This section continues with a group of works in which the artists borrow elements from another medium or language, or decontextualize the images themselves. Thomas Ruff, in jpeg ib01 (2006) alters an image sourced from the web; Anri Sala explores the potential of film to reveal hidden temporal dynamics in Agassi (2006); Guillaume Paris, in the video Fountain (1994), presents a loop of brief sequences from the animated film Pinocchio (1940). The ground floor of the Nord gallery also includes sculptural work by Henrik Olesen, and new works by Sara Cwynar, Mathew Hale, Oliver Laric and Elad Lassry.
The third part of the show is installed in the lower level of the Nord gallery, marking the first time this area has been used as an exhibition space. This final, subversive part of “L’image volée” deals with the production of images which, by their very nature, reveal hidden aspects on a private or public level. John Baldessari, in his installation Blue Line (Holbein) (1988), inserts a hidden camera that produces stolen images of visitors inside an adjoining space, calling into question the role of the spectator.
Sophie Calle, in the series The Hotel (1981), aims to combine the artistic and private realms in her research, revealing intimate details of strangers’ lives. Another cluster of works develop considerations on public or openly political issues. Christopher Williams in SOURCE… (1981) reveals unofficial perspectives on institutional communication, by selecting four archive photographs of John Fitzgerald Kennedy that portray the American President from behind, and therefore considered inappropriate for public circulation at the time.

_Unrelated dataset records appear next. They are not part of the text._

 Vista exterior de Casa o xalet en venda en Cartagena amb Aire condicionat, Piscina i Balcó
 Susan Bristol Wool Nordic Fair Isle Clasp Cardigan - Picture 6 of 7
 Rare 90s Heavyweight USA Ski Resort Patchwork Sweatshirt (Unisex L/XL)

In the photographs Americas II, Bahamas Internet Cable System (BICS-1) and Globenet (2015), Trevor Paglen exposes the material infrastructure of mass surveillance, documenting the transoceanic system of undersea cables transmitting sensitive data.

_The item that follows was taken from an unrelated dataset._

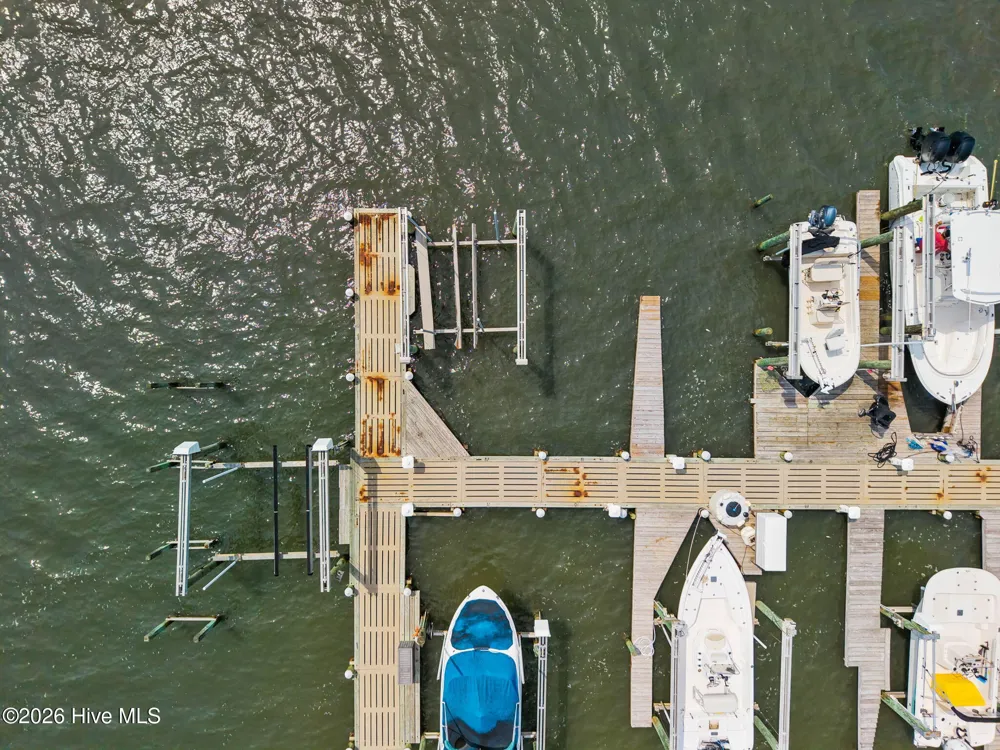 501 E Bay Drive Sneads Ferry, NC 28460
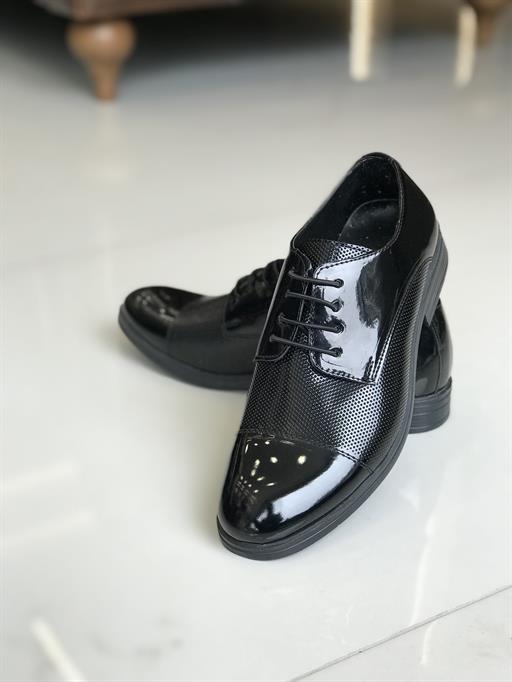 Klasik rugan bağcıklı erkek çocuk ayakkabı Siyah T8433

The final part of the exhibition presents a show within the show curated by a prominent contemporary industrial designer, featuring spy tools used by the GDR and the Soviet Union on their citizens: technological instruments capable of breaking down the barriers of the private sphere, selected for the prophetic beauty of their rational design as related to contemporary computers and smartphones.
“L’image volée” is accompanied by an illustrated book published by Fondazione Prada with newly commissioned short stories by Ian McEwan and Ali Smith, essays by Russell Ferguson, Christy Lange and Jonathan Griffin, and contributions by Rainer Erlinger and Daniel McClean.